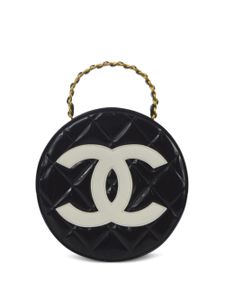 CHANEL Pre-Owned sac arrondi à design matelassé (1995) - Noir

* * *

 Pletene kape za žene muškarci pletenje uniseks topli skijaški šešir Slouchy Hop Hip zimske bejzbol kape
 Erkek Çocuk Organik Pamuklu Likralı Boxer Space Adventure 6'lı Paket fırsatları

The task: After locating the line with "Pletene kape za" above, return that line and every later line through the one with "Erkek Çocuk Organik", word for word and with nothing else.

Solution:
 Pletene kape za žene muškarci pletenje uniseks topli skijaški šešir Slouchy Hop Hip zimske bejzbol kape
 Erkek Çocuk Organik Pamuklu Likralı Boxer Space Adventure 6'lı Paket fırsatları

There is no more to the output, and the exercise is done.